Awwwww, many many thanks!!!


----------



## dntdelay (May 27, 2011)

Love those pictures! I bet you had a great time. I would love to be a dog if it took me to places like that!


----------



## Alexa (Aug 6, 2009)

lydiatug said:


> Looks like a little slice of heaven!


Many thanks, Lydia! It's such a beautiful place down there. We've been there for 15 times!!!



Matilda's mommy said:


> wow, what a beautiful vacation you had Ullana, it was nice of you to share with mommy and daddy. lol
> I loved the pictures, but Ullana in the froggy boat is just soooooo precious:wub:


Thank you, Paula! Glad you liked the photos. I also love the one of her sitting in her boat, priceless! 



sassy's mommy said:


> Wow! Alexandra love your Italian vacation photos. Sven really knows how to spoil his girls and booked very luxurious accomodations. I know you all enjoyed the beach, the warm sunshine and the delish coffees. Glad you guys were able to relax and soak up some sun before your long winter sets in. Love you all so much. :wub:


 Pat, everything was perfect! Thanks so much. We all enjoyed the days and the fantastic weather, food, beach and ocean! Love you all, too! 



SammieMom said:


> Ohhh la la. Nice trip and beautiful pics.


Kandis, thanks so much!



MalteseJane said:


> Great pictures. Too many people on the beach for my own liking. I love to have the beach for myself. Lol. Love Ullana's boat.
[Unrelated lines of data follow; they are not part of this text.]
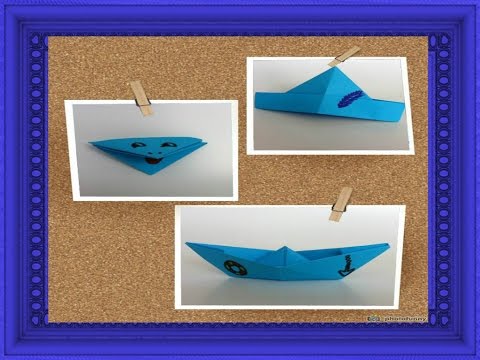 וִידֵאוֹ: איך מכינים מודל סירות RC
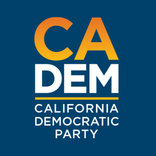 CADEM Connect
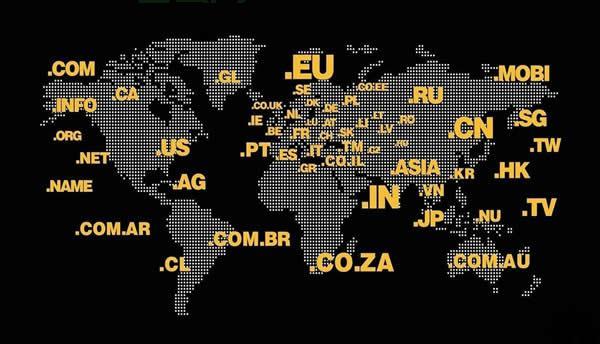 域名投资指南：如何在数字时代把握商机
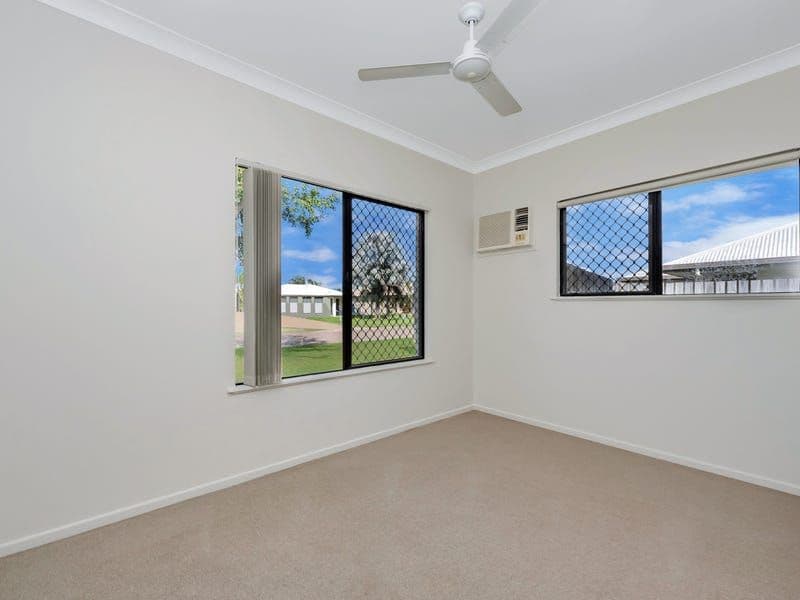 39 Medici Drive, Kelso QLD 4815, Kelso - Thumbnail 6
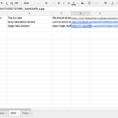 Vue Spreadsheet In Creating A Crud Web App With Google Sheets  Jeff Everhart Jeff Everhart
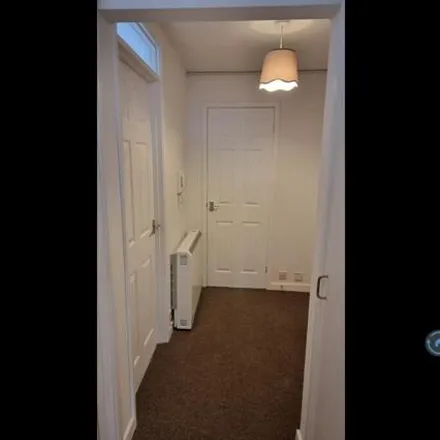 Image 9 - Lees Lane, Gosport, PO12 3UN, United Kingdom - Apartment for rent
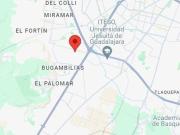 VENTA DE CASA EN ZAPOPAN JALISCO COLONIA FRANCISCO SARABIA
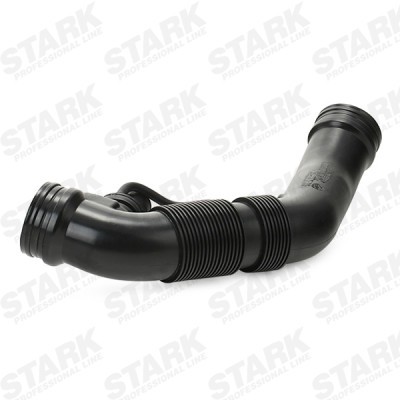 Air intake hose Stark SKIHA-3280010 SKIHA-3280010 - photo 3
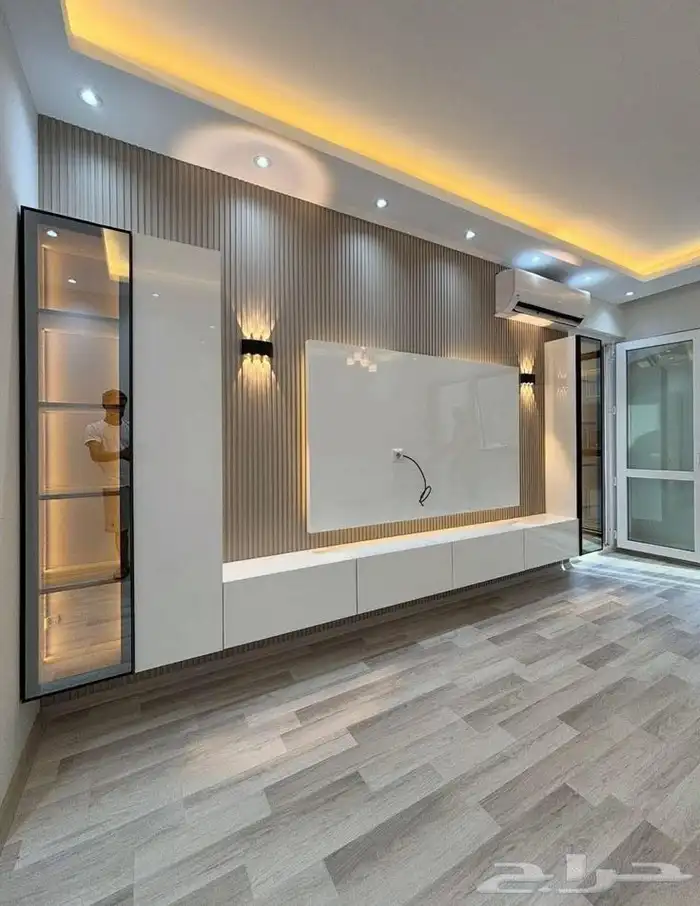 ديكورات  دهانات  الشرقية اصباغ  الدمام 13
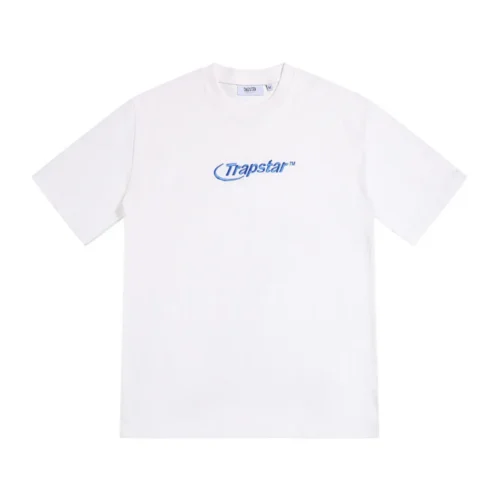 hyperdrive-t-shirt-1.webp Hyperdrive T-shirt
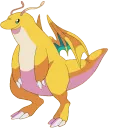 creepyDragonite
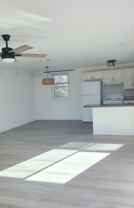 527 W Main St #40 - Photo 1 of 1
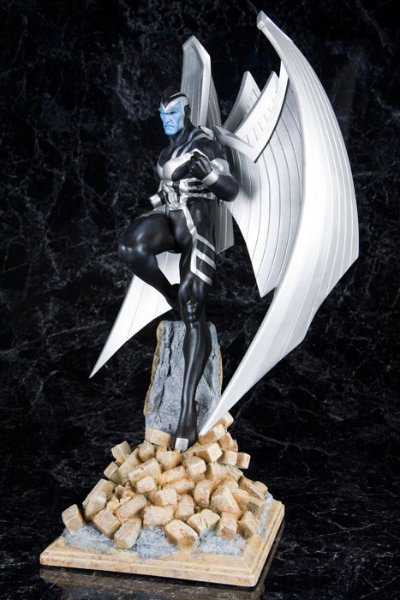 大天使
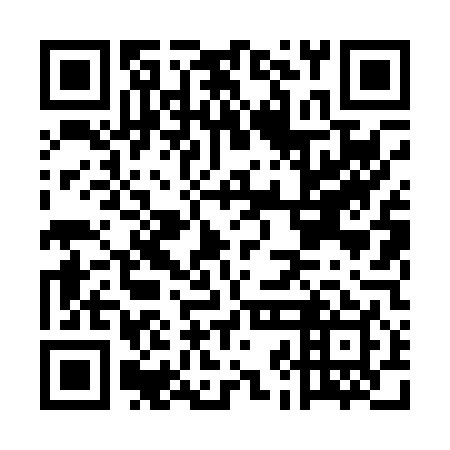 QR code for EJL049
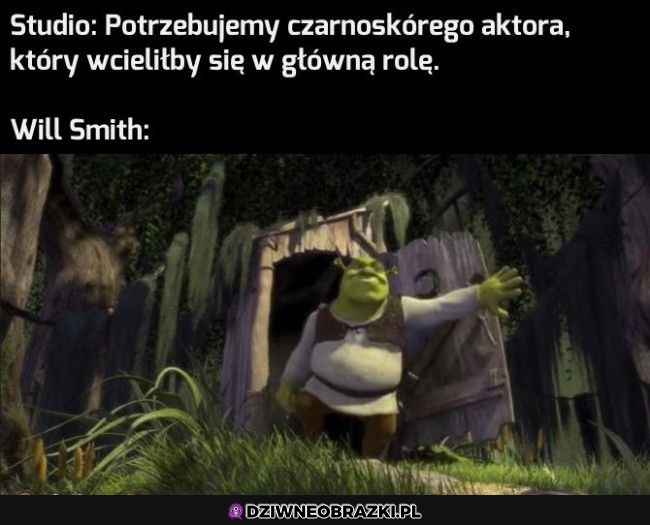 No hejka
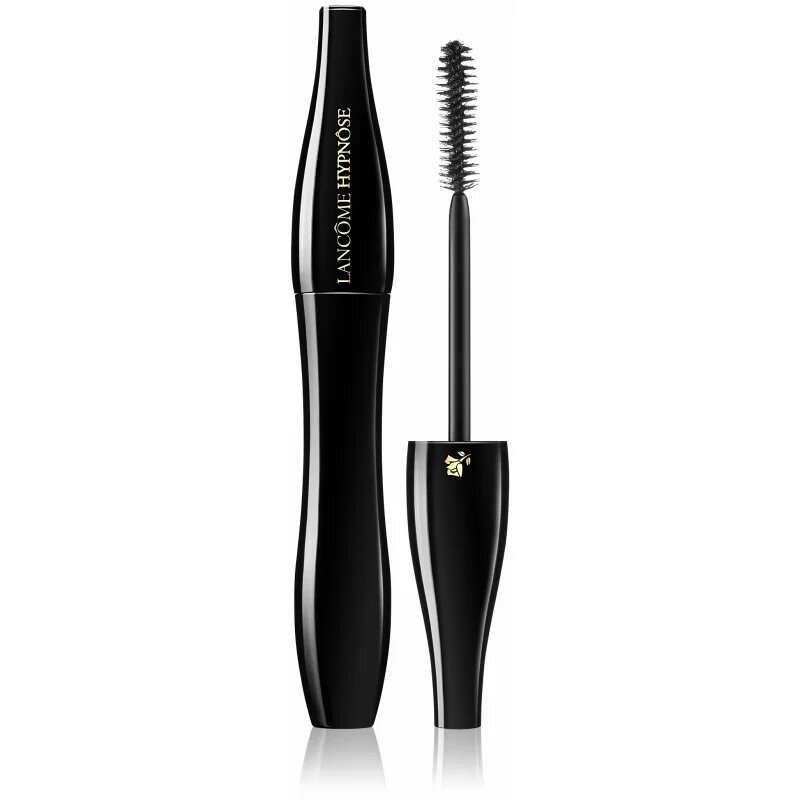 Lancôme Hypnôse mascara pentru extra volum culoare 01 Noir Hypnotic 6.2 ml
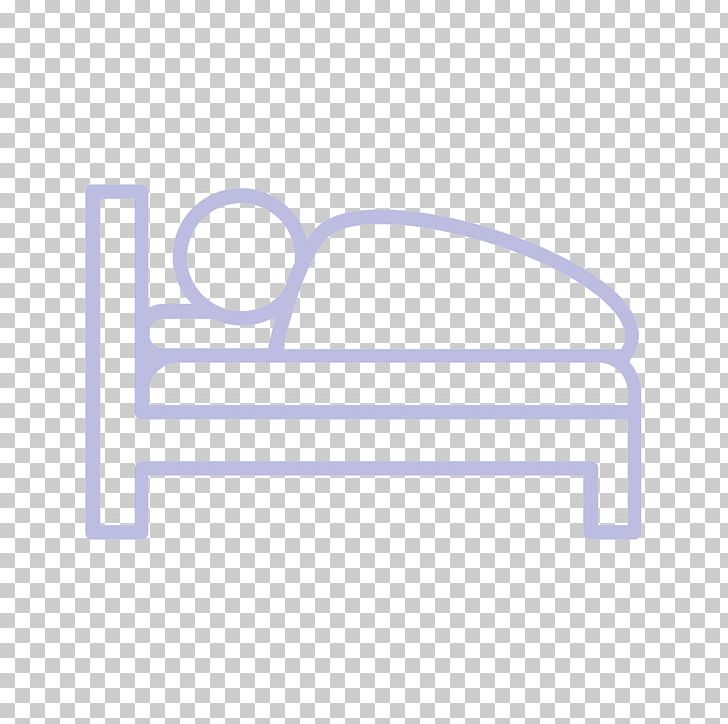 Room Lake Bed And Breakfast Furniture PNG, Clipart, Angle, Area, Armoires Wardrobes, Bathroom, Bed Free PNG Download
Janine, it's quite full in the main season, September is really slow. The pictures show lots of umbrellas but not each one is occupied in this time. That's why we always travel in September. 

;2064010]Aww what wonderful holiday picces, Ullana looked so happy...Next time we might have to sneak onboard![/QUOTE]
Awww, come over Michelle! That would be so much fun!!! 



hoaloha said:


> WOW! awesome vacation pics  you three sure had a fabulous time! I love Italy  Princess Ullana looks adorable on the froggy boat :wub: :wub: thanks for sharing your pics!


Thanks, Marisa!



njdrake said:


> That looks like an amazing vacation!! Great pictures, thanks for sharing your vacation! Your pictures make me realize how bad I need a vacation!


Oh Jane, hope your vacation isn't too far away?! Any special plans yet?


----------



## edelweiss (Apr 23, 2010)

Alexa said:


> Thank you, Carole!
> 
> 
> 
> ...


----------



## MoonDog (Jun 6, 2011)

Gorgeous pictures Alexa! Ullana looks like she just loved being in her little boat!


----------



## Alexa (Aug 6, 2009)

edelweiss said:


> Alexa said:
> 
> 
> > Thank you, Carole!
> ...


----------



## maltese#1fan (Feb 20, 2012)

Your pictures are amazing. I love the one's in the froggy boat. And wasn't that nice of them to give your precious little fluff a welcome present.


----------



## Alexa (Aug 6, 2009)

maltese#1fan said:


> Your pictures are amazing. I love the one's in the froggy boat. And wasn't that nice of them to give your precious little fluff a welcome present.


Oh yes, Karen, I was so relieved and happy we've found such a petfriendly hotel! Not every place welcomes dogs in that special way and I also loved she was accepted in the garden and at the pool. 
Glad you liked the photos!


----------



## edelweiss (Apr 23, 2010)

I love your little girl Alexa----she would be welcome at my garden or pool every single day! She is lovely!


----------



## Alexa (Aug 6, 2009)

edelweiss said:


> I love your little girl Alexa----she would be welcome at my garden or pool every single day! She is lovely!


Awwwww, that's too sweet of you, Sandi! I'm quite sure she'd love you all, too!

Hope we'll get to meet one day...! :w00t:


----------



## italianna82 (Aug 17, 2012)

That is so neat that you were able to take her. I just have to ask: How hard was it to go OUT with her?? Did you mainly leave her in your hotel when you were out? I have been thinking about that and wondering if it would be mean to bring her and then have to leave her in the room since you can't bring them into a lot of places.


----------



## Alexa (Aug 6, 2009)

italianna82 said:


> That is so neat that you were able to take her. I just have to ask: How hard was it to go OUT with her?? Did you mainly leave her in your hotel when you were out? I have been thinking about that and wondering if it would be mean to bring her and then have to leave her in the room since you can't bring them into a lot of places.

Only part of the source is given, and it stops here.